The understated showcase of a research software publisher
For Mediatech, we orchestrated 650 sqm in 3 months: 45 workstations where tech minimalism reveals the excellence of a Parisian audiovisual software publisher.
- 650 m²
- 3 months
- 2017
Concept
The understated showcase of a research software publisher
Mediatech-CIE is a French publisher of software dedicated to marketing research and feedback management, founded by Hervé Cebula. The 2017 project delivered 650 sqm for 45 workstations in three months.
Situation
Mediatech-CIE, a French publisher of marketing research and feedback management software founded by Hervé Cebula, entrusted Kytom in 2017 with the fit-out of 650 sqm in Paris for 45 employees. The publisher sells analytical data to large-account marketing departments.
The project’s central constraint lies in a rare equation: delivering within three months a floor capable of welcoming clients demanding on confidentiality, without exceeding a budget that rules out signature materials from the outset. The chosen thesis reverses the usual tech-office reflex, declining to stage the product and making material restraint the image argument itself.
650 sqm to deliver in three months, three simultaneous tensions
The schedule governs everything. Three months between strip-out and handover, on a Paris floor whose existing grid and co-ownership rules impose coordination with the building manager and neighbouring trades. Second tension, the budget closes the door on signature materials and forces the effect to be sought elsewhere than in the material.
Third tension, welcoming large-account clients requires confidential, acoustically treated meeting rooms, without cutting into the 45 allotted workstations. The target density is 14.4 sqm per workstation across all uses, a slim margin to absorb additional enclosed rooms. Personalisation remains deliberately contained, the publisher seeks not a demonstrative décor but a floor aligned with the nature of its statistical-analysis business.
Two structuring decisions, reversible technical plenum and mixed partitioning
Kytom works in design and build with single-point management of the twelve work packages. Two design trade-offs determine the three-month deadline and the durable use of the floor. First decision, electrical, IT cabling and VDI network run through a coordinated plenum rather than wall trunking.
A higher initial cost, but headcount changes are then handled without re-drilling the partitions, a hypothesis confirmed in use for a growing publisher. Second decision, partitioning combines full-height walls for the three management rooms and glazed demountable partitions for shared spaces. The mix solves the acoustic equation of the confidential rooms while preserving the natural light of the open workstations required by the Labour Code.
The space planning relies upstream on counting weekly meetings and measuring acoustic needs by zone, usage data captured before the first line was drawn. The remaining packages, joinery, furniture, paint and decoration, are selected from a neutral palette that avoids the showroom effect and does not mobilise the material budget. The turnkey delivery centralises acceptance, commissioning and snag clearance under single management.
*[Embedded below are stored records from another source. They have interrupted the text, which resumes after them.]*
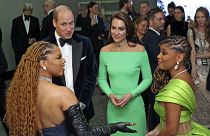 From left to right, Chloe Bailey, Britain's Prince William, Prince of Wales and Catherine, Princess of Wales, and Halle Bailey chat at The Earthshot Prize Awards, Boston 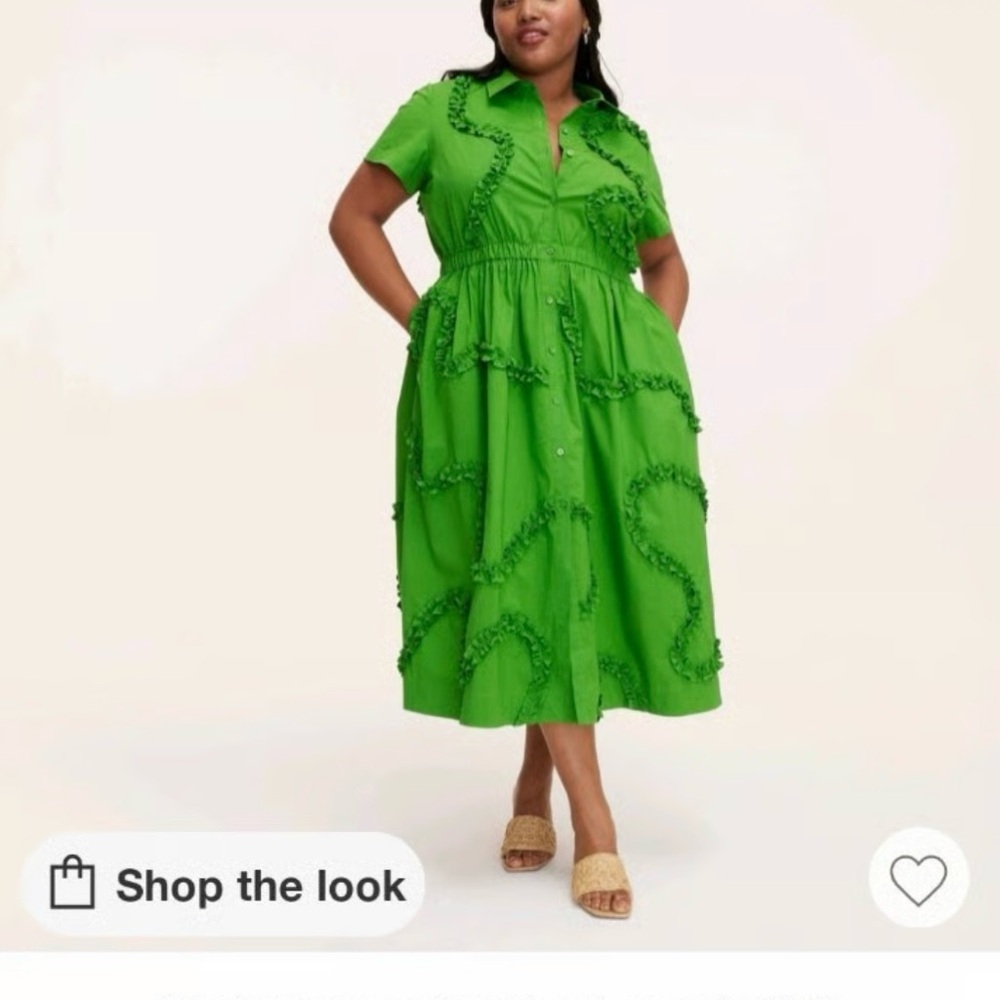Kate Spade New York Target X Green Ruffled Polo Collar Midi Dress Sz Large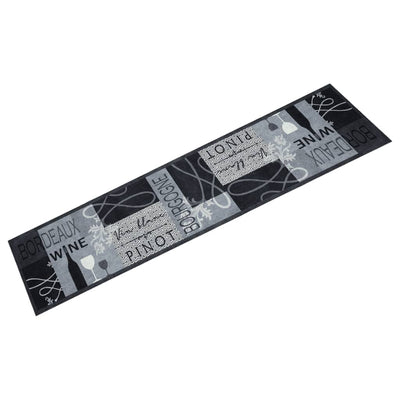 Vidaxl Mat de cocina Vino lavable Impresión 60x300 cm Velvet Gray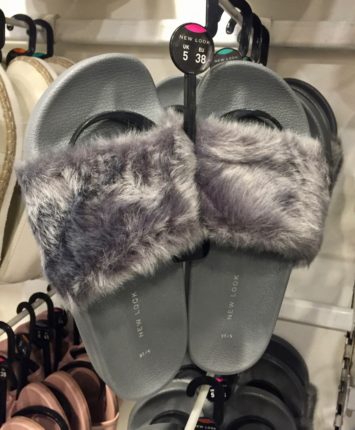 New Look faux fur Sliders, grey fake fur Sliders, New Look footwear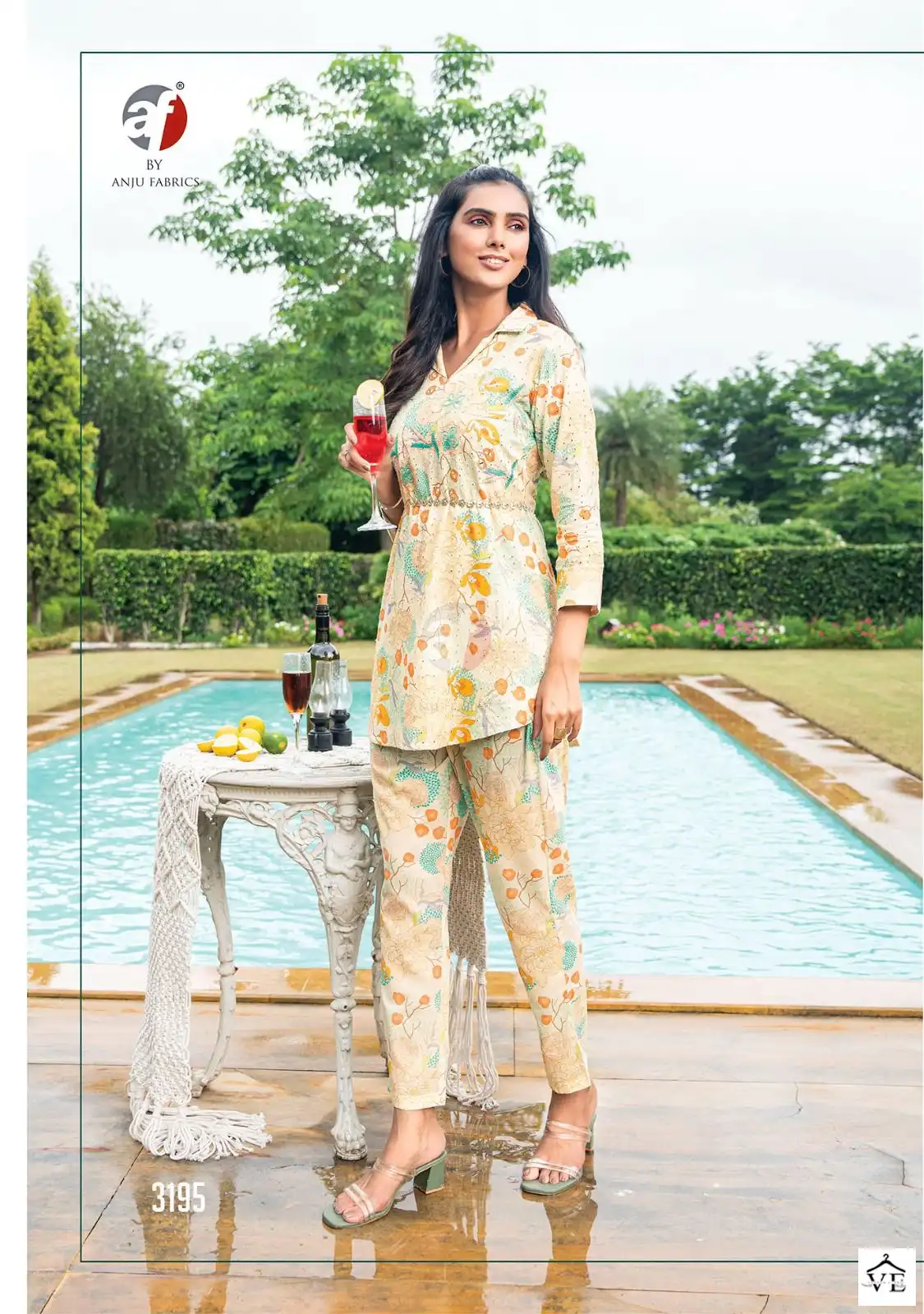 Anju Fabrics Zoya Vol 6 Muslin Jacard Wholesale Designer Co-Ord Set Catalog — Wholesale Kurtis, MPA wholesale from Surat - Gallery Image 5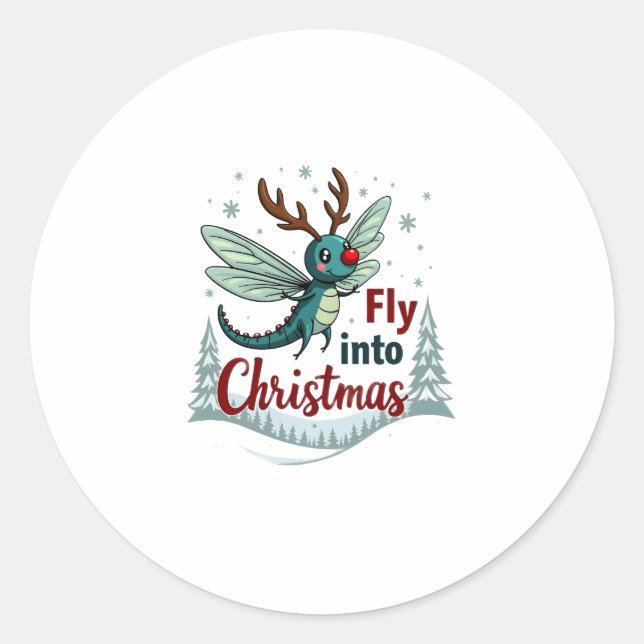 Reindeer Dragonfly Classic Round Sticker (Front)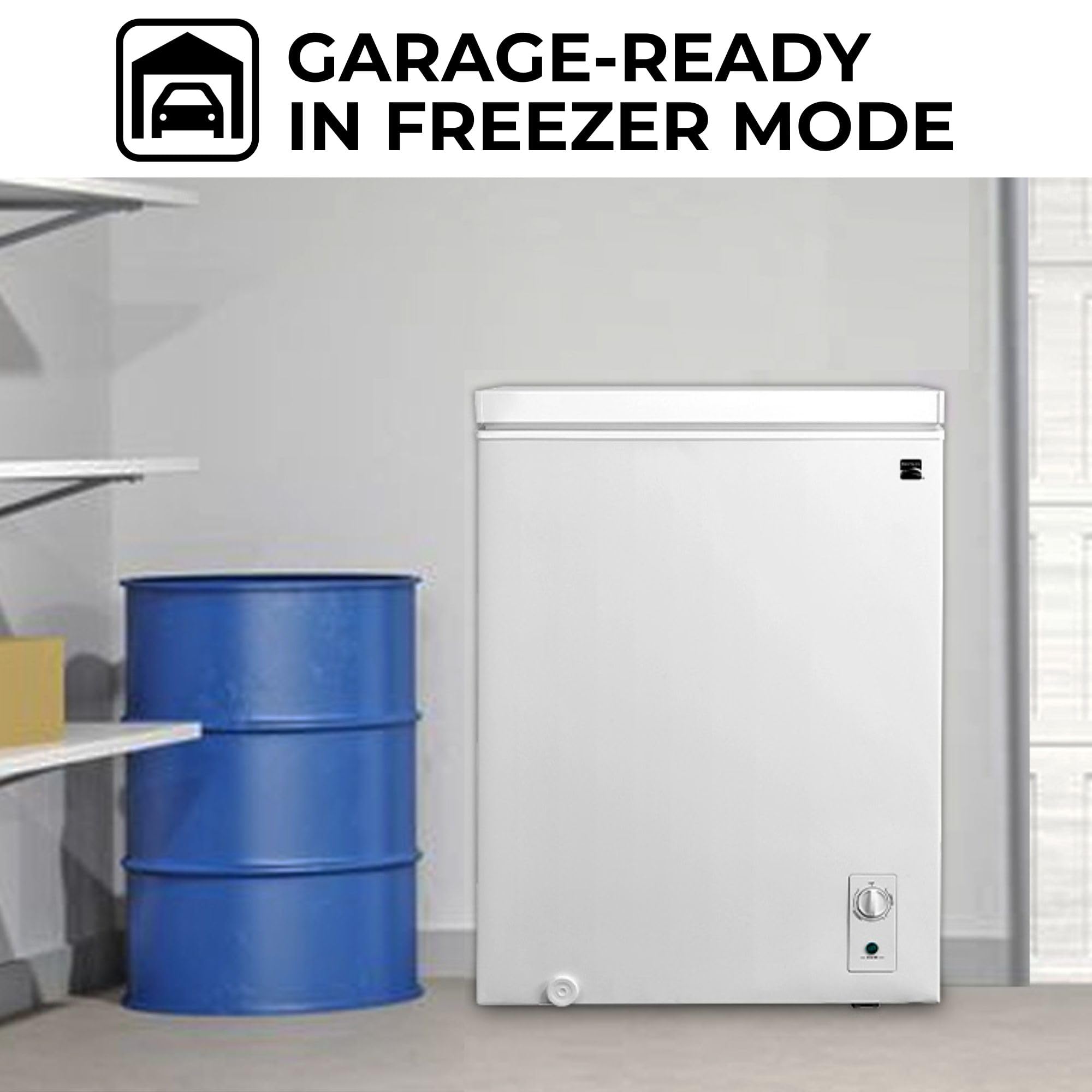 Kenmore Deep Freezer - Convertible Refrigerator/Chest Freezer, 1 Hanging Basket, Garage Ready, Meat Storage, Front Drain, Congelador For Home, Apartment, Basement, Dorm, Cottage 5.0 Cubic Feet White on Fridge.com - View 6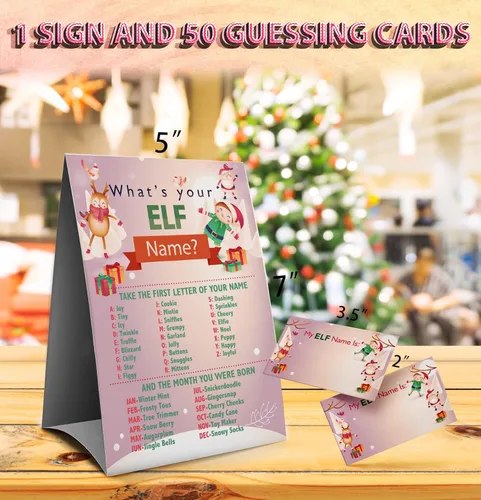 Vista 2 de Letrero de juegos de Navidad: juego con nombre de elfo ¿cuál es tu elfo, juegos de Navidad para familias, juegos de fiesta de Navidad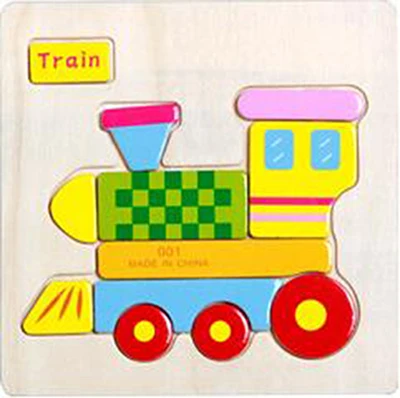 train Монтессори метод животных деревянные головоломки мультфильм Tangram животные детские игрушки ребенок раннего образования игрушки головоломки доска - Цвет: train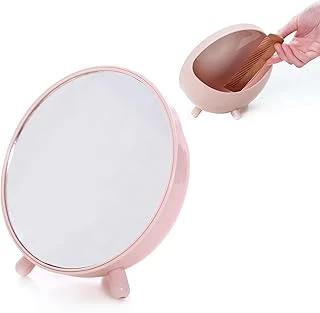 Masa Üstü Pembe Yuvarlak Plastik Arka Hazneli Masa Makyaj Aynası Cin719Pm ürün görseli 1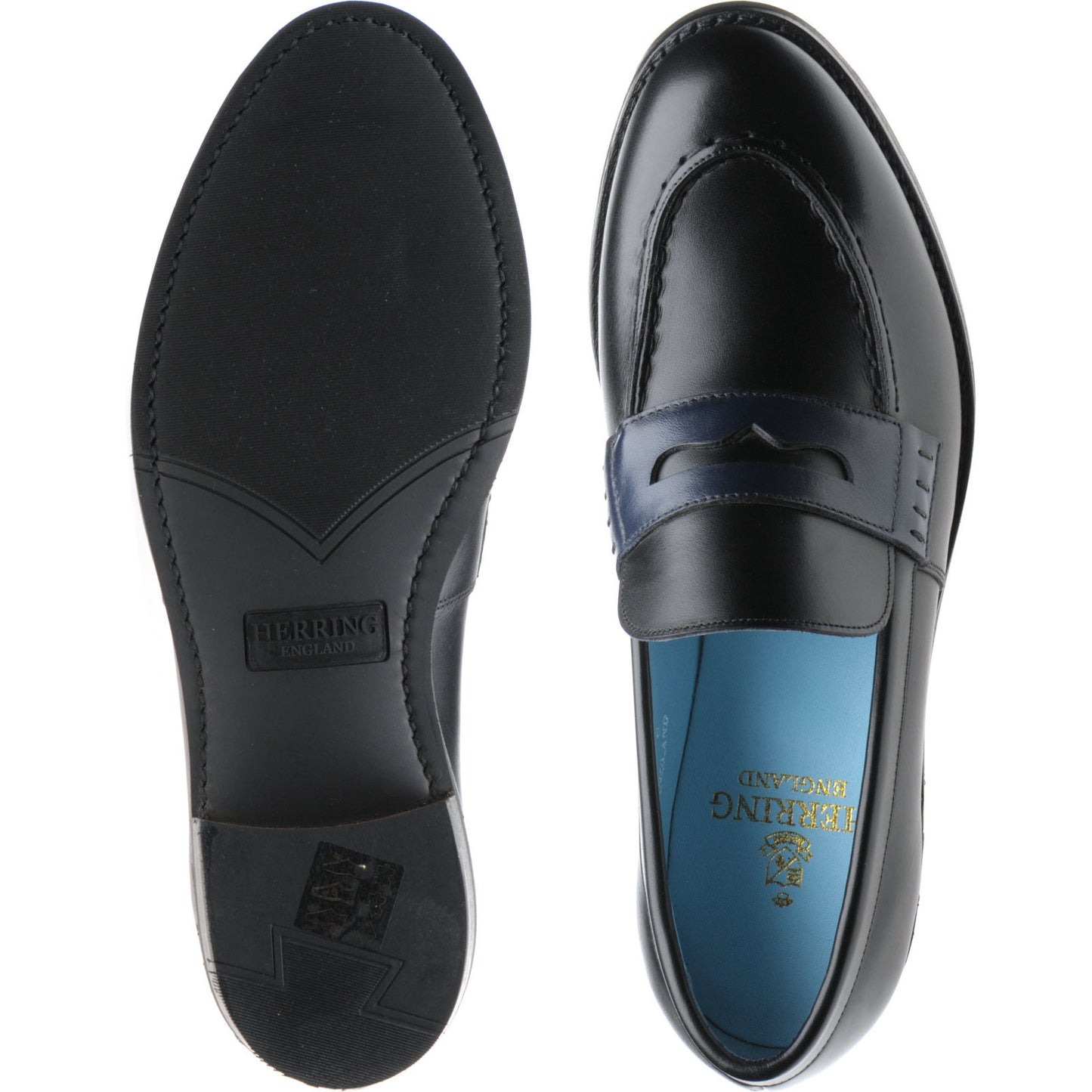 Product image for Herring Emma ladies rubber-soled loafers in black and navy calf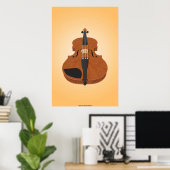 Poster de musique : Violon modèle 3D (Bureau à domicile)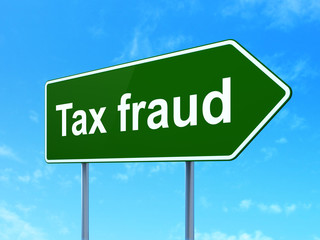 Law concept: Tax Fraud on green road highway sign, clear blue sky background, 3D rendering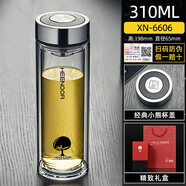 希諾（heenoor）希諾雙層玻璃杯帶蓋濾網(wǎng)辦公室泡茶杯男士商務(wù)杯子耐熱玻璃水杯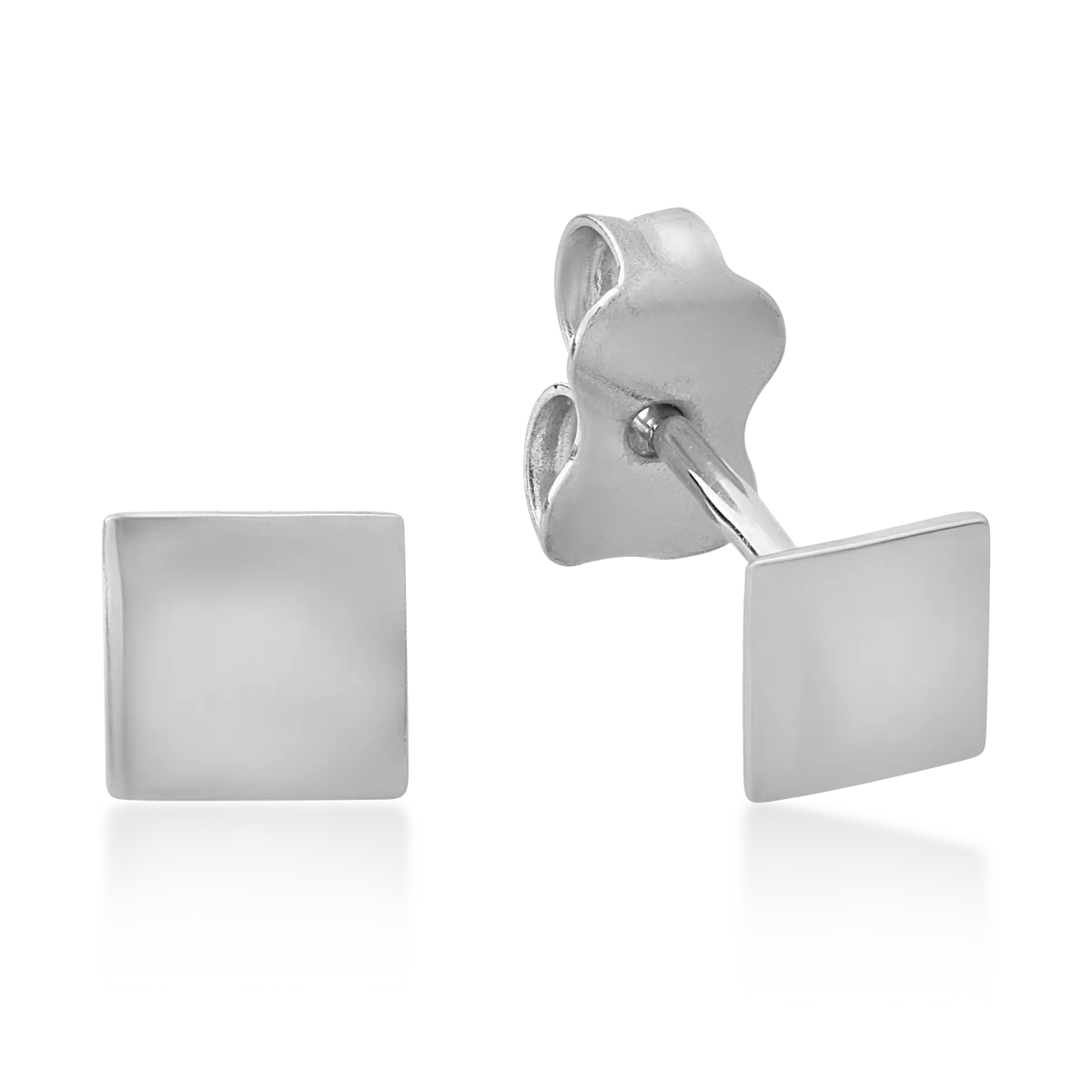 Cercei geometrici din aur alb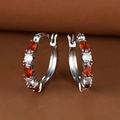 Silver hoop earrings with vibrant orange fire opal and sparkling white zircon stones - Rose Red
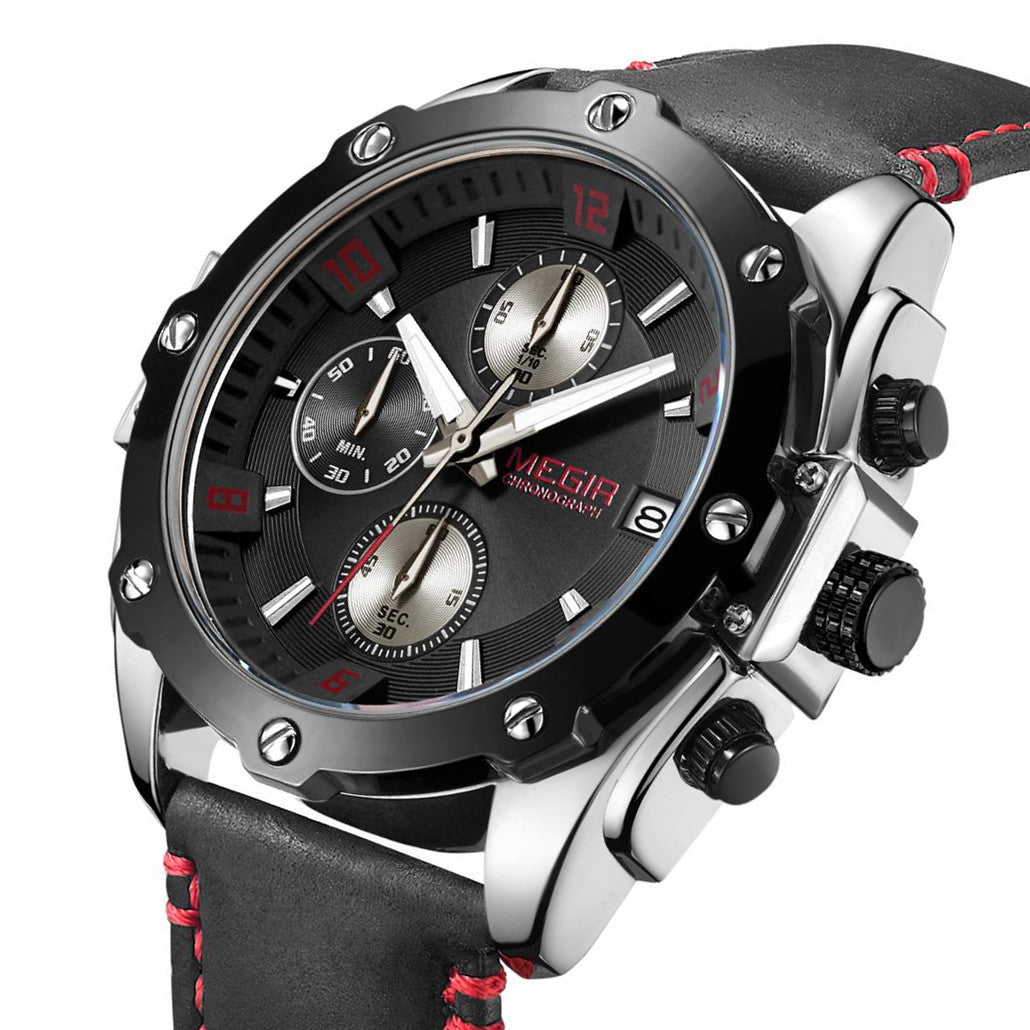 MEGIR 2074 Men's Chronograph Watch – Genuine Leather Strap, Quartz Movement, 30M Water Resistant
Monitoring follows the five-phase Kytom method, proven since 2006 on comparable tech and media typologies.
650 sqm delivered in 3 months, 45 workstations operational from move-in
The 650 sqm are handed over within the contractual three-month deadline, with no schedule slippage despite the succession of twelve work packages. The 45 workstations are operational from the first day of occupancy, IT cabling tested and furniture installed. The confidential rooms meet the needs of welcoming large-account clients, a condition Mediatech-CIE had set as non-negotiable.
The reversal assumed at the outset, declining tech scenography in favour of an asserted material restraint, produces a side effect the brief had not anticipated, the floor remains legible several years after delivery without requiring rework. The same decision would, with a more pronounced decorative stance, have imposed a refresh within three or four years.
The reversible plenum, for its part, absorbed internal reorganisations without any intervention on the partitions. Kytom’s CSR approach was still being structured on this 2017 project, the reuse and recycling indicators are not formalised on this record, which we prefer to document rather than reconstruct after the fact.